So what exactly is the purpose of carrying a rocket up to 30,000 feet and launching it? I can’t believe it’s any safer or cheaper than launching from the ground. This whole project just seems...weird.
Yeah, 60,000 ft would have been something. I suppose Spy sattelites go at about 150,000 ft, so this carries it 20% the way up using atmospheric oxygen
I am not an engineer, but I would think the first 30,000 feet are probably the most expensive.
As a former NASA engineer, I can explain.
1) A major boost from air-launching orbital rockets is lower atmospheric pressure. At 30,000 feet, you are above 75% of the atmosphere. You can generally get away with using efficient, high expansion rocket motors optimized for vacuum, such as the RL-10 or the NK-43, instead of a sea-level optimized engine, which are less efficient and more difficult to build and maintain.
2) Rapid re-usability of the launch site. If your rocket, launching vertically from a standard launch pad, is firing exhaust downward at about 6700 MPH, it requires substantial engineering to avoid damaging your launch pad (massive water sprays and exhaust redirection channels), and often it requires days (or weeks) of maintenance before the launch pad can be used again. If your rocket doesn’t rise quickly enough, it can also ‘cook’ the bottom of the rocket in the reflected exhaust. Air launch eliminates this problem completely.

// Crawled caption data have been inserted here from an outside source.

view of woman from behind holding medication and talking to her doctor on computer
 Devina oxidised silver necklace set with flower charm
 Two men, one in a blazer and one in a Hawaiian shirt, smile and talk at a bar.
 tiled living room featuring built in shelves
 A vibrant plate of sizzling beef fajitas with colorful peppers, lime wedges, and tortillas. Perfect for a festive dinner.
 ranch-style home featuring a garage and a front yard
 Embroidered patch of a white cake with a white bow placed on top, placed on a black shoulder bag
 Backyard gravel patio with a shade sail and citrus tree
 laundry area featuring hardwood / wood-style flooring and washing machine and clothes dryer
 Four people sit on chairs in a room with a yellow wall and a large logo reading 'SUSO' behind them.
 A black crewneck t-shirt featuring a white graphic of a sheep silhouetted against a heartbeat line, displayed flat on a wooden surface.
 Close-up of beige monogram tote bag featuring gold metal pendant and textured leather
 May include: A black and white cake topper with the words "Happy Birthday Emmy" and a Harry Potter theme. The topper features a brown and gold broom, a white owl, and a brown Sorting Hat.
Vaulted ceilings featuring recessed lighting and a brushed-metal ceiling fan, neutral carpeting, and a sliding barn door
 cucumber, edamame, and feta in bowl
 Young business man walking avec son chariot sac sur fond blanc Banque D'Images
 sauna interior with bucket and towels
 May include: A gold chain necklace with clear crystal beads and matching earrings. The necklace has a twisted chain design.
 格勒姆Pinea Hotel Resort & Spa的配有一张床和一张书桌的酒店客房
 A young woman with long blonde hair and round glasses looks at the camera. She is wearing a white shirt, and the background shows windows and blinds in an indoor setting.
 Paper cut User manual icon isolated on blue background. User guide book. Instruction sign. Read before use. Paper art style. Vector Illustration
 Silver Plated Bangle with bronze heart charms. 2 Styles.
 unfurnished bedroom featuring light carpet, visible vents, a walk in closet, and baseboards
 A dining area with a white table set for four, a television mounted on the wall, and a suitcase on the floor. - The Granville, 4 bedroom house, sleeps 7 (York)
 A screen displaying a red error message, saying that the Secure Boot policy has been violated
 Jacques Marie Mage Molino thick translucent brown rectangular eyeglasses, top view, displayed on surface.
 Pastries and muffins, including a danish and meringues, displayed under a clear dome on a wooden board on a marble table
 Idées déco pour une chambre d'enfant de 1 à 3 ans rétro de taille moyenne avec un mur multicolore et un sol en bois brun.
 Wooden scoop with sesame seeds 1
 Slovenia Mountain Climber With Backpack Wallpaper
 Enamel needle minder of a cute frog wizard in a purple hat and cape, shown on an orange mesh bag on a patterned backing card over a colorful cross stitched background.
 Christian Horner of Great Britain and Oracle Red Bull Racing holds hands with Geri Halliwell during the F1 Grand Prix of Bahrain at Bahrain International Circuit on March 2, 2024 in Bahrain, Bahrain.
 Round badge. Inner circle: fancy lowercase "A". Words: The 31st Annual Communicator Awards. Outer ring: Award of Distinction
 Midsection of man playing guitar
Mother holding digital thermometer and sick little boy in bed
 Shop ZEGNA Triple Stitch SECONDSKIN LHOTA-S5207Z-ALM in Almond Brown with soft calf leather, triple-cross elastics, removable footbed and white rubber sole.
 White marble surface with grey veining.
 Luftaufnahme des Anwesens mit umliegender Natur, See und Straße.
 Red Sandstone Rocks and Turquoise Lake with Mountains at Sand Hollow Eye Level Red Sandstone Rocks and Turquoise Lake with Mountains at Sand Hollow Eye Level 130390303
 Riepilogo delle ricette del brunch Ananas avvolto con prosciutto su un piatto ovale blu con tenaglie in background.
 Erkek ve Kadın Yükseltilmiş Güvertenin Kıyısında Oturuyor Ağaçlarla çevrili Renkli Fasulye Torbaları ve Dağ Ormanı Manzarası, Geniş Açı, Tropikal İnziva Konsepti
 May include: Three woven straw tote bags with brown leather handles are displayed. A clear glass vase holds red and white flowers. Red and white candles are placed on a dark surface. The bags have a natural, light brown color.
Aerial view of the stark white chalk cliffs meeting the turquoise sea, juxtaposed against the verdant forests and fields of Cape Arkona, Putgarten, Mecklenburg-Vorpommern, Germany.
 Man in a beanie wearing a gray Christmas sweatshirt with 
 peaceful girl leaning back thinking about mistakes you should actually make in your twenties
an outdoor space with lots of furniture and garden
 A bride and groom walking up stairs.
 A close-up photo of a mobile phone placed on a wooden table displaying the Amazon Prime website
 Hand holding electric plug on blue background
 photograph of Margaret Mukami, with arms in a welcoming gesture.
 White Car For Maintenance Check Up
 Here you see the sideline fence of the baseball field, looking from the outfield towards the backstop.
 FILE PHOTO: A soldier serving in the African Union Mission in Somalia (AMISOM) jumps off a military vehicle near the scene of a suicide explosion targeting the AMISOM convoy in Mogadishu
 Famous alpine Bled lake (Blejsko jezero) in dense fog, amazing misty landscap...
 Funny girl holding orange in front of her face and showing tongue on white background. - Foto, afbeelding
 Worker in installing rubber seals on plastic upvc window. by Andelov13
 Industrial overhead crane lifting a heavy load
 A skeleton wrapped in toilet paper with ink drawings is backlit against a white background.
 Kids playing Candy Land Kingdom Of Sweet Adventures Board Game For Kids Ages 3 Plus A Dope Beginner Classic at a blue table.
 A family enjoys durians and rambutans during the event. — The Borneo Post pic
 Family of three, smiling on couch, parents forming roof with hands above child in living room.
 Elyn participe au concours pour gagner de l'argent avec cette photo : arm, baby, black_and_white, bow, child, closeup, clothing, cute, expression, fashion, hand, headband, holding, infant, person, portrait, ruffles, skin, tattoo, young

3) First orbit rendezvous - If you are trying to launch your match the orbital inclination and trajectory of an existing satellite (e.x. the ISS), air-launch makes it extremely simple to move your ‘launch’ point to any needed spot to match orbits immediately. Launching from a fixed ground pad (e.x. KSC) gives you narrow launch windows that still require many orbits and a fuel-wasting course correction to achieve rendezvous.
There are other benefits, but I need to get back to work.
A huge percentage of a rocket’s fuel is used just in overcoming its inertia and getting off the ground, and then more just to reach sub-sonic speed. So instead of useful payload the bulk of the rocket weight is the fuel needed to get the thing moving. Launching from a jet that’s already going that fast changes the economics quite a lot. This behemoth of a carrier plane just increases the scale of the kinds of payloads that are already being launched in this manner.
Actually the opposite. It is financially feasible because it is a true reusable launch platform. The actual Rocket does not have to be built to carry all the Fuel needed to get it to that altitude.
The is closer to the original Space Shuttle Concept than what rolled out of NASA.
Remember when we launched an Anti Satellite Weapon from an F-15?